PROBLEM DESCRIPTION: Return only the lines below starting at the line containing "Used Honda UR-V" and ending at the line containing "ZOI 2026, raspored Hrvata", both included, exactly as they are and with no pictures.

THE INPUT:
BEGIN
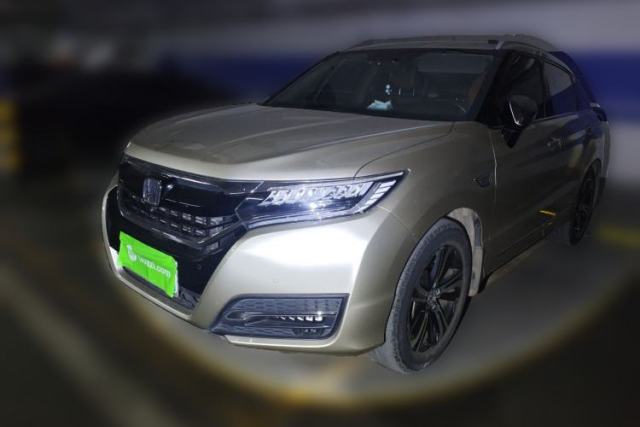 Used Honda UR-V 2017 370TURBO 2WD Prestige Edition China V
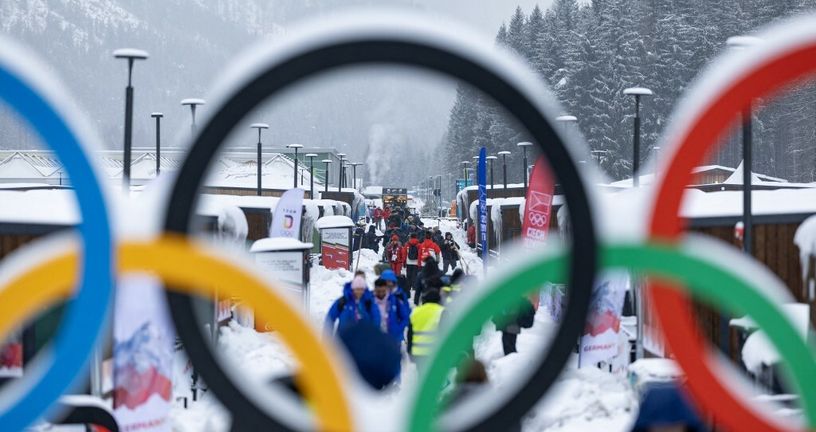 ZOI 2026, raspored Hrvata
END
BEGIN
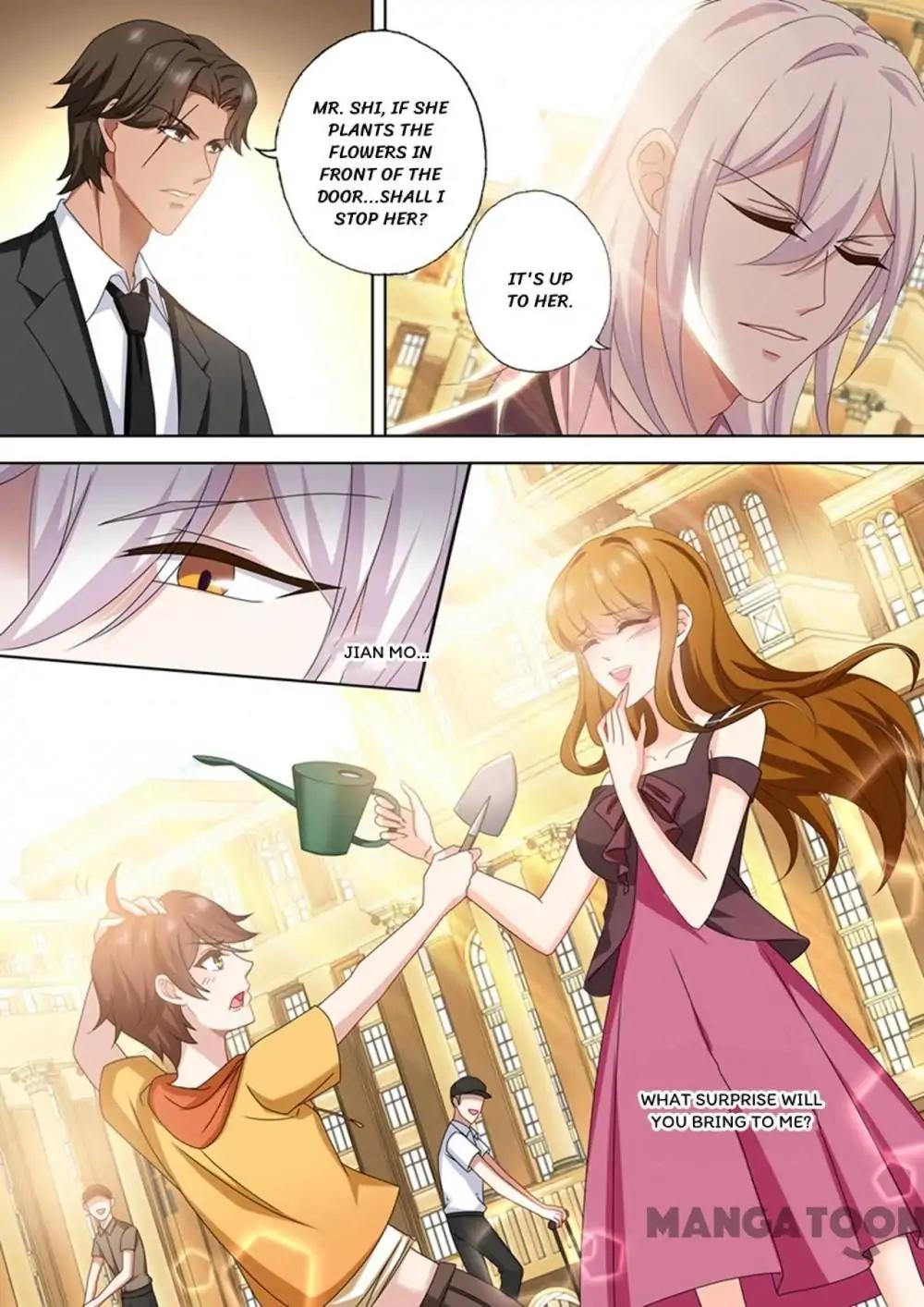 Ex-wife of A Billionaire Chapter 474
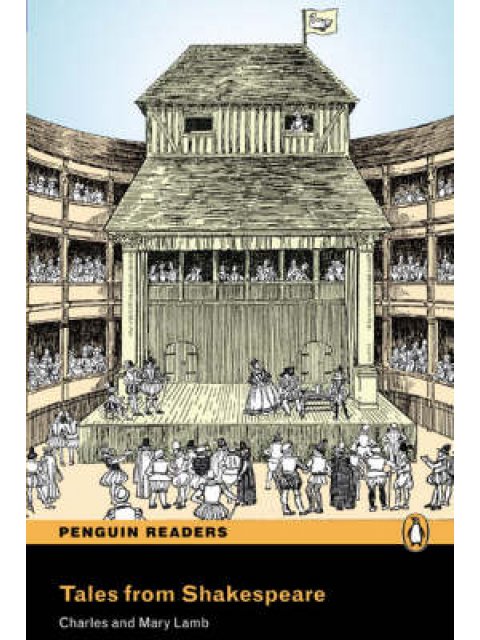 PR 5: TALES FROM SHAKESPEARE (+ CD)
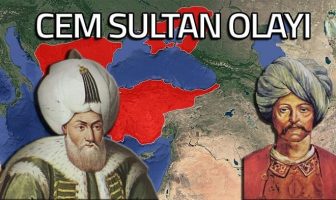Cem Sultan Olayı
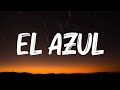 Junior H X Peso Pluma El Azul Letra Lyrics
END
TASK SOLUTION:
 Used Honda UR-V 2017 370TURBO 2WD Prestige Edition China V
 ZOI 2026, raspored Hrvata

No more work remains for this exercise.